Well, at the most basic level, every single field of an object or array[1] can be accessed from multiple threads without data race or tearing. For example, this program is sound:
class Example {
Example ref;
public static void main(String[] args) {
Example parent = new Example();
Example child1 = new Example();
Example child2 = new Example();
new Thread(() -> {
while (true) {
parent.ref = child1;
}
}).start();
while (true) {
parent.ref = child2;
}
}
}
To write fully equivalent lock-free code in Rust, you’d need to bring in arc-swap or a similar data structure which allows the ref field to be written atomically (and manages the reference counts of the Arcs you’d need to use for child1 and child2). In Java, this applies implicitly to every field regardless of the type of the field.

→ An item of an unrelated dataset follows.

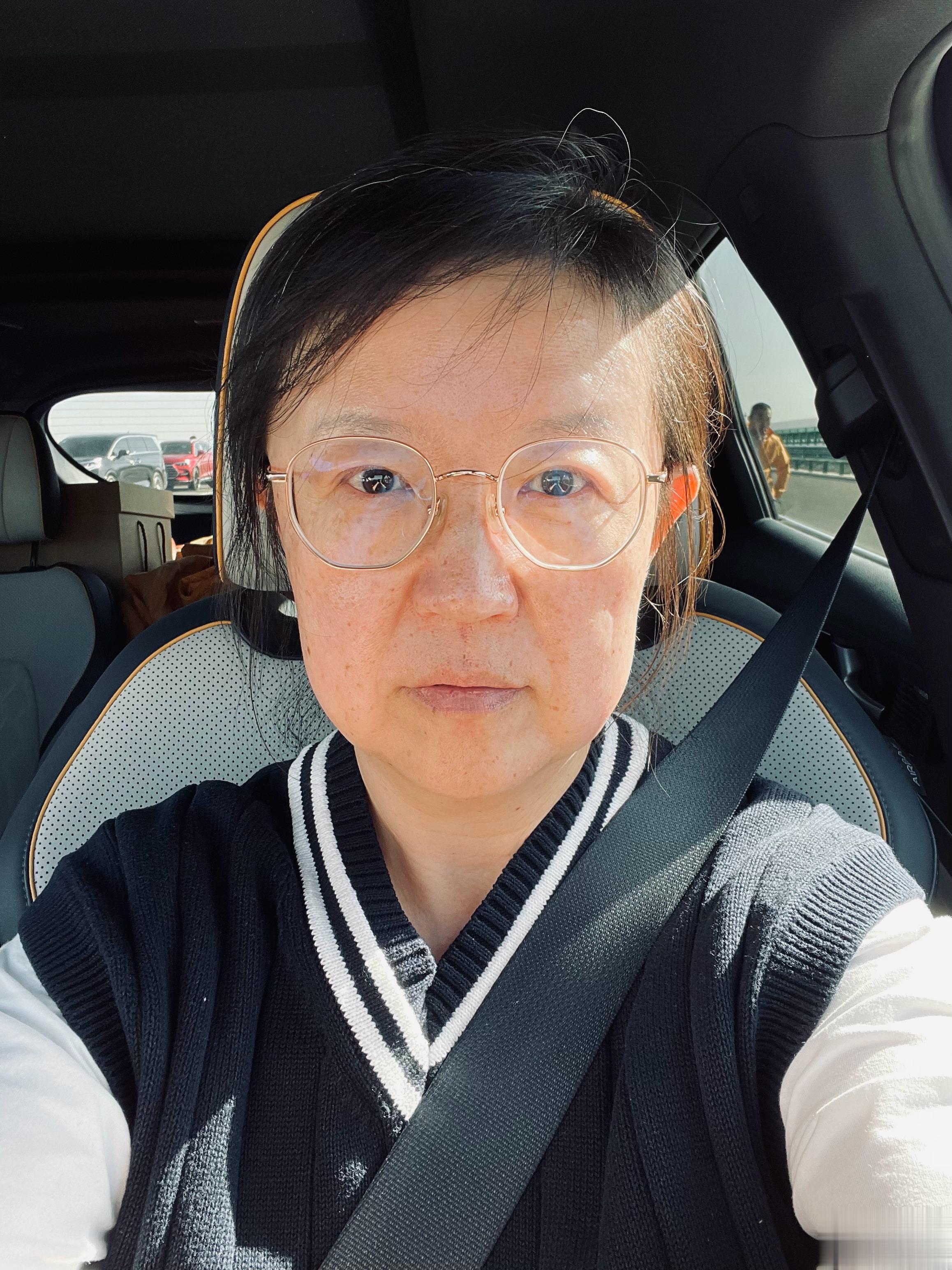 我也是自驾穿过阿尔金山的人了。这也是第一次驾驶新能源车。动力实足，新功能很多，驾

This means that in Java, locks are used for correctness, not soundness — the consequences of forgetting to use a lock are that data changes in a way that you didn’t want but is still consistent with the rules of the language; there is no undefined behavior. So if you want arc-swap style “read often, write rarely and with atomic replacement”, in Java that’s just an ordinary field.
There’s a lot more that can be said about the Java memory model and what kinds of lock-free data structures it enables, but I am not an expert on that and cannot write up a neat example. Back when I was writing concurrent Java for profit, we were lucky to have a person on our team who did understand it and could tell us exactly what we could and couldn’t get away with — but without that kind of wizardry a lot of Java programs still incidentally take advantage of being able to not add explicit locks around things which Rust would require. Thus, rewriting in Rust may often require taking different approaches to data organization — even in single-threaded code since Rust’s model applies to reentrant mutation (A calls B calls A) just as much as multi-threaded mutation.
Of course, all this is specific to Java and other languages have other approaches. But many “OOP and GC” languages have some solution such that modifying objects from multiple threads isn’t easily-hit instant UB — for example, Python has the global interpreter lock, so every such read or write is in fact sequential and can’t be a race.[2]